11/13/2016

Feminist

A woman is replacing the cap on her tire valve. Standing beside her, leaning against the car and looking at a phone, is a man. What is your first thought here?
I wouldn't have thought about it at all, except that I saw this picture as a meme on Facebook. It said, "God, please protect my daughter from 'men' like him."
That tingled the ol' feminist spidey-sense.
What, pray tell, does she need to be protected from? Tires? Valves? Air? Listen, it's 2016. Women have been driving for 100 years now. It's not only likely, but probable, that some of us know how to operate and maintain our vehicles. And if my vehicle is the one that needs basic maintenance, please kindly step aside so I can take care of it. My car does not become your business simply because you have different reproductive organs.
We don't know the story behind the photo. What I see is that the woman looks calm and comfortable. The man is outside the car, not shut up in it, and though his mouth is closed in the photo, he appears to be keeping her company. A Facebook friend suggested he was searching for the correct tire pressure for her car, and received the response, "no, he's lazy." Why on Earth is that the immediate assumption here?
One more fact from the photo: the people are Black.
So I ask again, why is "he's lazy" the assumption?
When I commented that there is no reason a task which a woman is capable of doing should be done by a man, simply because of his gender, I was told to "relax, it's just a Facebook post."
Remind me to relax again when these blatantly sexist, and (probably) subconsciously racist, assumptions aren't being made.

11/10/2016

American

The 2016 election was completely disheartening. It demonstrates that a message of intolerance resonated so well with 60 million of my countrymen that they raised the blustering spokesperson of that mentality to the highest office our nation offers. It is hard to comprehend how far backwards these voters are willing to set America's progression. I was shocked and upset. The next morning, it occurred to me that people only change when they're uncomfortable.

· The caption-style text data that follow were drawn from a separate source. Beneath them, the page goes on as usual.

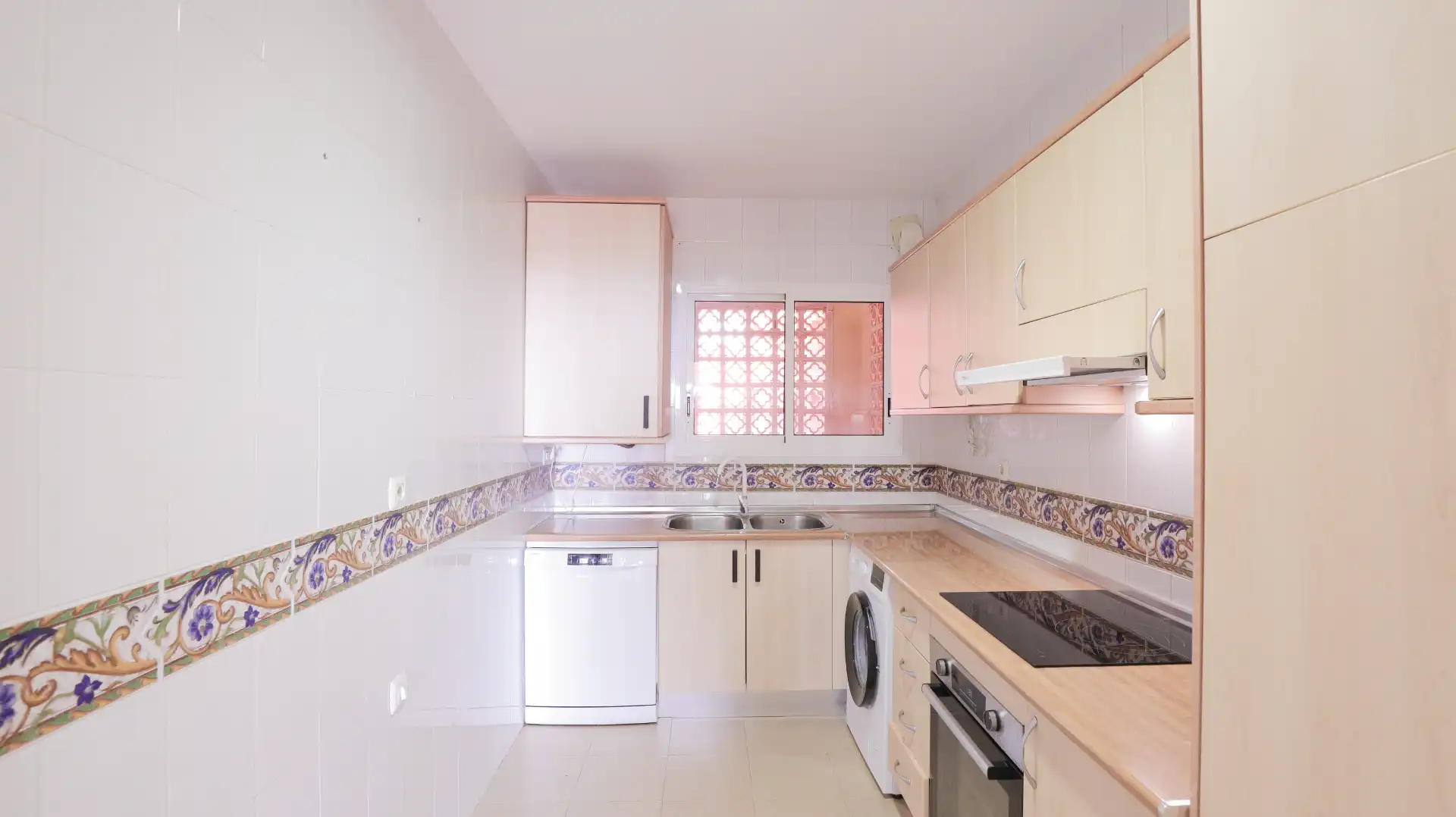 Cuina de Apartament en venda en Marbella amb Aire condicionat, Calefacció i Terrassa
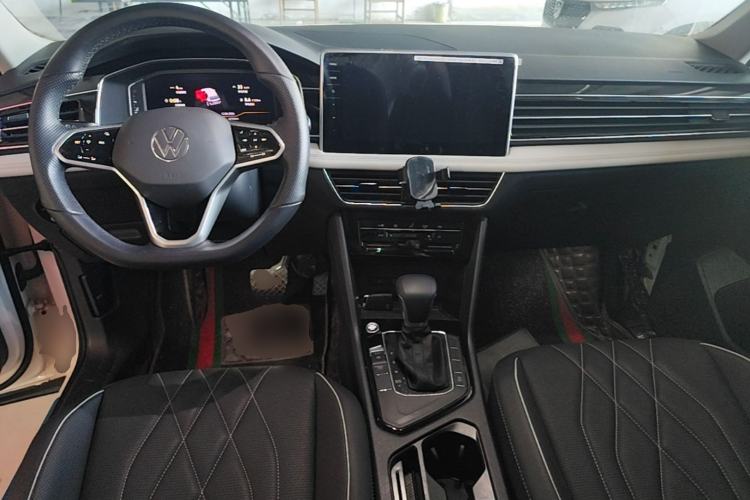 Used Volkswagen Tiguan L 2022 330TSI Automatic Two-Wheel Drive Smart Edition Center Console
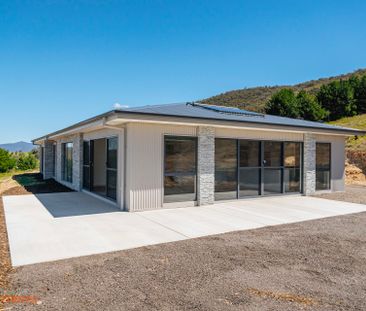 357 Two Sticks Road, Uriarra NSW 2611 - House For Rent | Domain - Photo 2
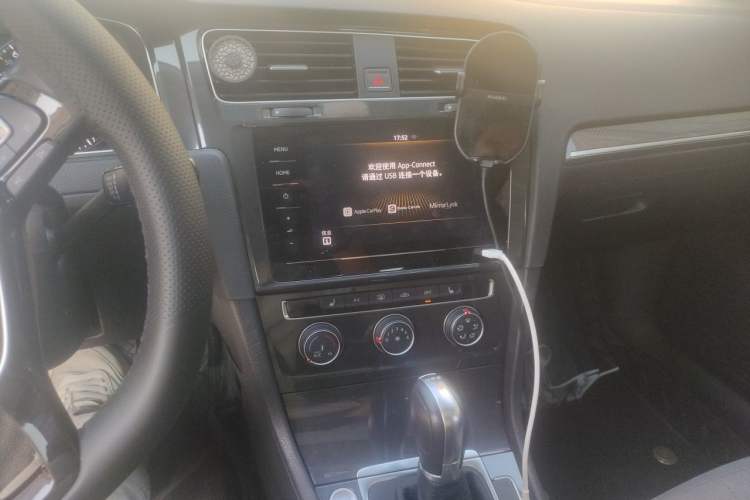Used Volkswagen Golf 2020 280TSI DSG Luxury Edition Audio And AC Panel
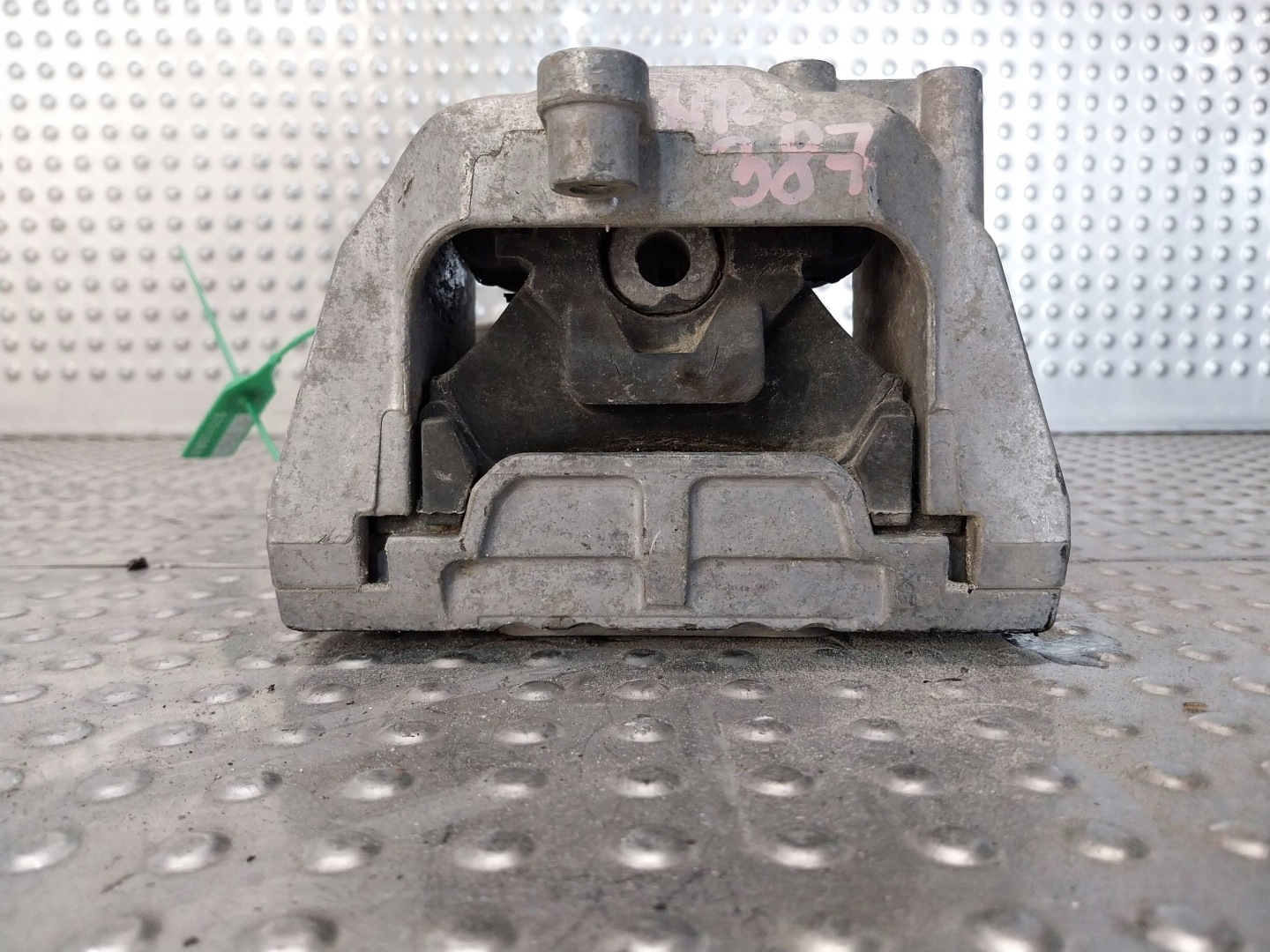 holder engine mount 1K0199262AE VW CADDY III YETI GOLF V A3 8P 1.9 TDI
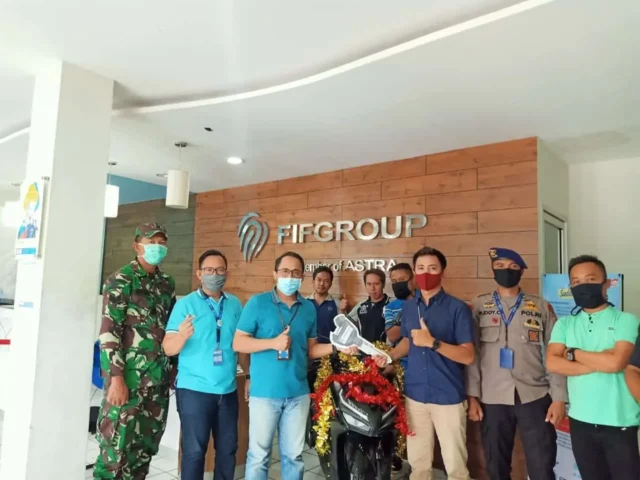 Berkah Ramadhan, FIFGROUP Tangerang 2 Bagikan Hadiah Motor Vario dan Logam Mulia Kepada Karyawan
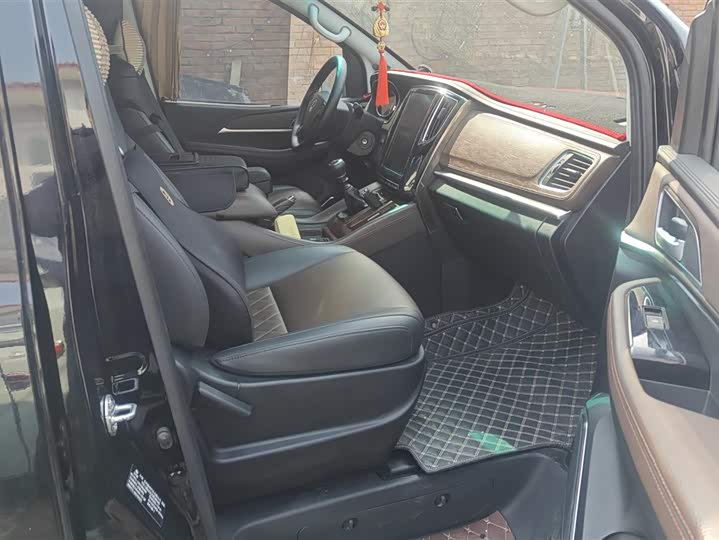 Фото 8 - Dongfeng Forthing M7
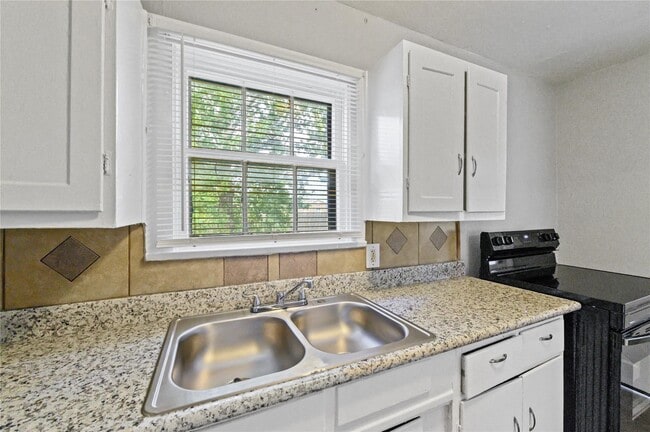 Building Photo - 4125 Dockrell St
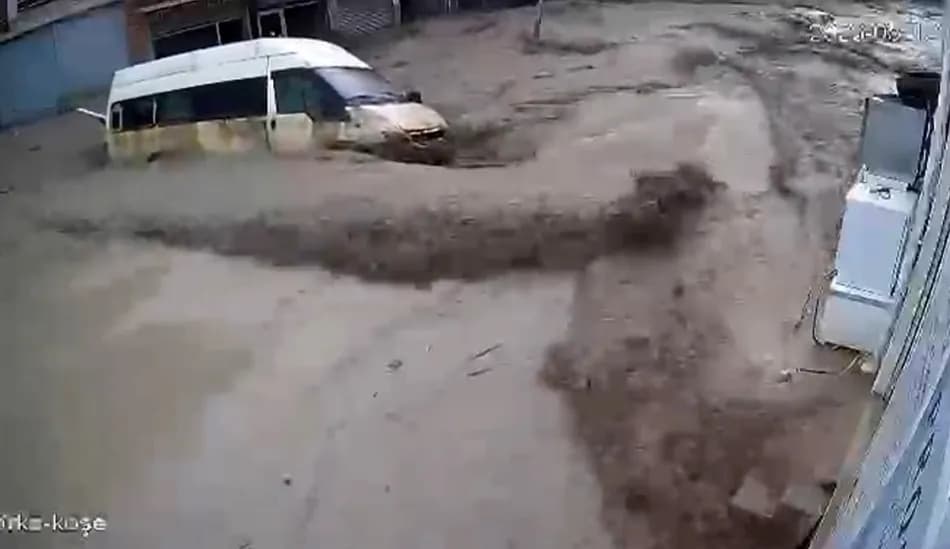 Samsun’un Havza ilçesindeki selin ilk görüntüleri ortaya çıktı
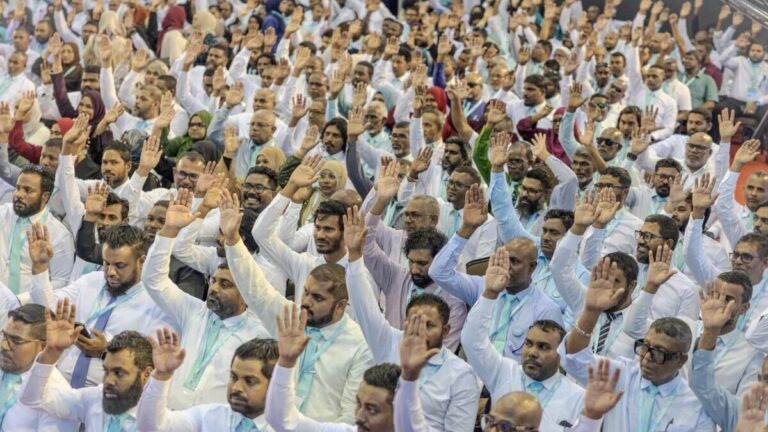 ޕީއެންސީގެ މެންބަރުންގެ މަޖިލީހުގެ 18 ގޮނޑިއަށް ބޭފުޅުން އިންތިހާބުކޮށްފި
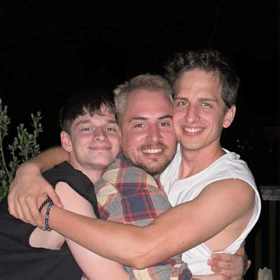 Všechny tři syny spojuje láska k muzice - mají to v genech.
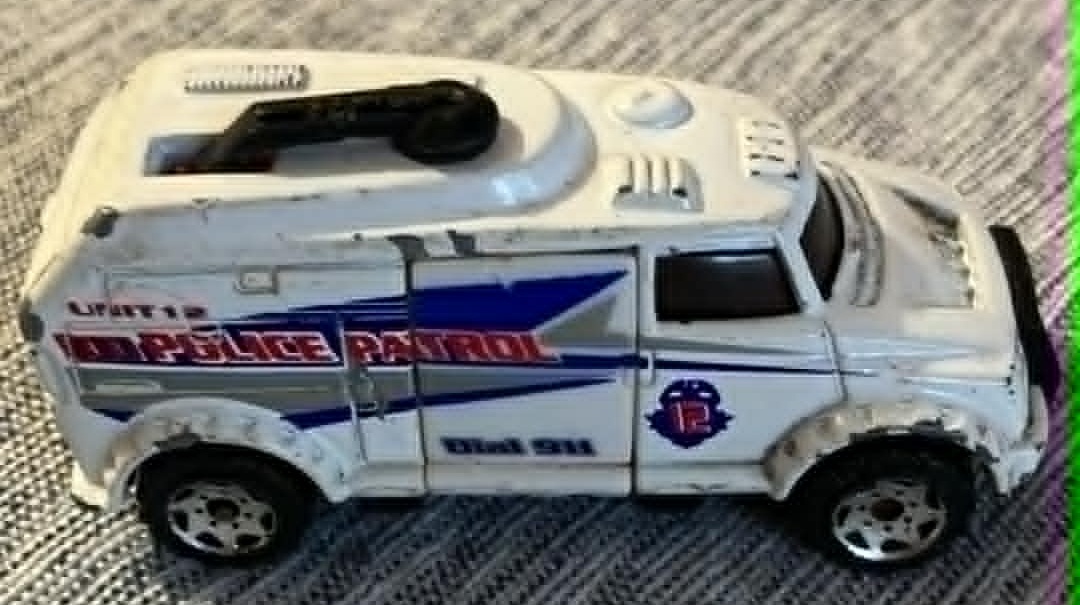 Matchbox Police Robot Truck Die Cast Toy Car Surveillance - photo 2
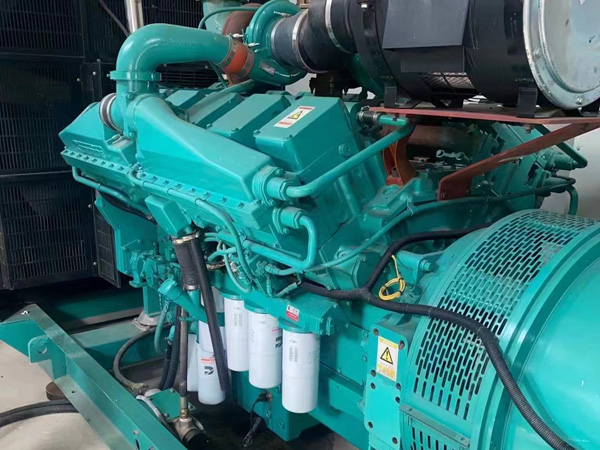 陵城更换100kW柴油发电机组机油时，需要注意哪些事项？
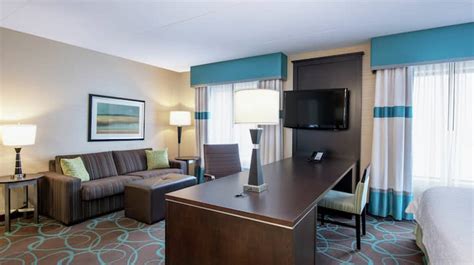 Hampton Inn Winnipeg Airport Hotel near Polo Park, MB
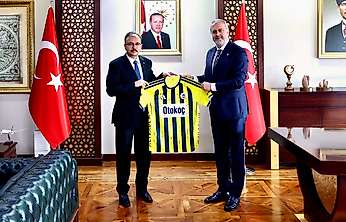 Fenerbahçe Yönetim Kurulu Üyesi Mehmet Aydın, Siirt Valisi Kızılkaya'yı Ziyaret Etti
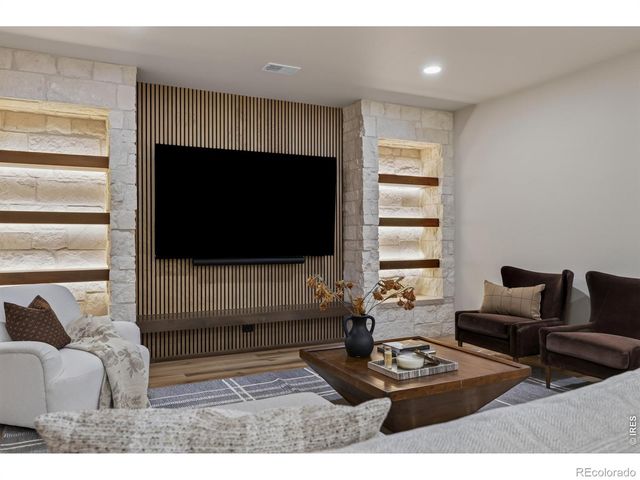 967 Warbling Drive, Windsor, CO 80550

Sixty million people were so uncomfortable, they demanded a complete turnaround of leadership. For perspective's sake, keep in mind that 60 million Americans represent roughly 24% of the voting population. The election by this vocal minority of such an overwhelmingly insular person appears, to me, to be the dramatic final gasps of a dying ideal; one which makes the majority of Americans uncomfortable. So let's get uncomfortable. Let's keep backing intolerance into a corner by advocating for civil rights. Let's allow this event to strengthen our resolve to continue building the environment we want our children to live in. We can let our discomfort embolden us to be kind the way the result has emboldened those who wish ill on people who differ from them. We don't have to - and absolutely shouldn't - allow it to set us back.